Karl Ischia: "Alpin-urban-leben" ist der Markenkern von Innsbruck. Doch die Marke Innsbruck muss immer wieder neu aufgeladen werden. Wie in den vergangenen Jahren haben wir auch 2017 viel in die Stadtteilentwicklung investiert. In Anpruggen realisieren wir aktuell gemeinsam mit der Stadt Innsbruck, Innsbruck Marketing, dem TVB und dem Wirtschaftsverein "Anpruggen aktiv" ein absolut einzigartiges Projekt, ein Highlight für den gesamten Stadtteil. Es soll der erste städtische Themenweg umgesetzt werden. Zeitgerecht werden wir über nähere Details informieren. In Pradl haben wir einen intensiven Beteiligungsprozess initiiert und umgesetzt. Gemeinsam mit den Unternehmern fand eine Diskussion über die zukünftige Ausrichtung und Gestaltung der Pradlerstraße statt. Die in mehreren Workshops erarbeiteten Wünsche wurden anschließend an den ressortzuständigen Stadtrat herangetragen. Außerdem konnte eine neue Weihnachtsbeleuchtung angeschaltet werden. Seit geraumer Zeit haben wir ebenfalls eine Neugestaltung des Bozner Platzes im Visier. Dieser öffentliche Raum dient als wichtige Spange zwischen Bahnhof und dem Zentralbereich der Innenstadt und weist eine durchgehend hohe Frequenz auf. Deshalb ist es dringend notwendig, den Bozner Platz zu attraktivieren und gestalterisch an den Innenstadtbereich anzuschließen. Daran haben die UnternehmerInnen des Innenstadtvereins besonderes Interesse. Interessenpolitisch ist es gelungen, die Vergnügungssteuer abzuschaffen, dafür habe ich mich seit 2015 besonders eingesetzt. Der Spaß ist nun befreit.

Was braucht ein starker Wirtschaftsstandort Innsbruck aus Ihrer Sicht?

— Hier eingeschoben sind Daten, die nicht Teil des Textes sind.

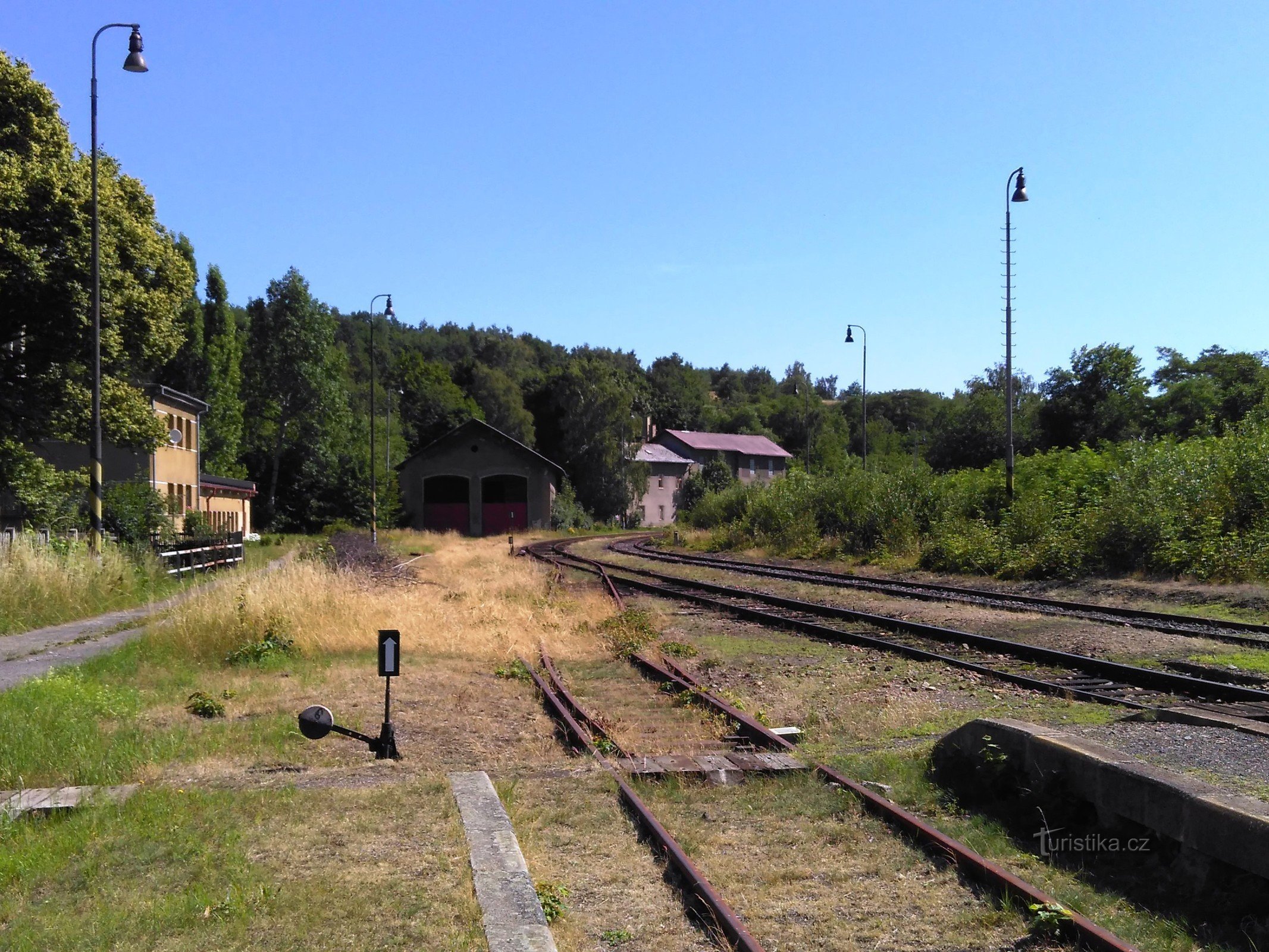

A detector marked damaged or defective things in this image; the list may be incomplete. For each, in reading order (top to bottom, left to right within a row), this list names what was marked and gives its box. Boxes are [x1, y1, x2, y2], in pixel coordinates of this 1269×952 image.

rusty rail [522, 654, 766, 952]
rusty rail [634, 654, 1142, 952]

Innsbruck ist ein Standort mit hoher Lebensqualität und optimaler Infrastruktur. Die Nähe zu den Bildungseinrichtungen wird von den Betrieben hochgeschätzt, die Leistbarkeit von Gewerbeflächen, insbesondere für junge Unternehmer, stellt allerdings ein Problem dar. Um Unternehmer von Anfang an in Innsbruck zu halten, braucht es neue Strukturen. Herkömmliche Büroflächen sind zum Teil überholt und Jungunternehmer brauchen leistbare Arbeitsplätze und Strukturen, die sie mit anderen teilen können. Es wäre ein tolles Bekenntnis der Stadt, im Rahmen der Wohnbauoffensive eventuell in Erdgeschossflächen solche Konzepte mitzudenken.
Aus Sicht der Bezirksstelle ist es im Zeitalter der Digitalisierung notwendig, bestehende Kartensysteme neu zu denken und so attraktive Möglichkeiten sowie Angebote zu schaffen. Verschiedenste Funktionen sollten in einer Karte vereint werden — das könnte von einer Gutscheinfunktion als Kundenbindungsinstrument über Parkfunktionen sowohl in den Garagen als auch an der Oberfläche bis hin zu einem Bonussammelsystem gehen. Wir denken da an eine Technologie, die für alle Innsbrucker UnternehmerInnen nutzbar ist. Im Arbeitsprojekt des Bezirksausschusses wurde dies bereits als Schwerpunktprojekt für 2018 festgelegt. Gemeinsam mit den Innsbrucker Unternehmervereinen soll ein Konzept entwickelt werden.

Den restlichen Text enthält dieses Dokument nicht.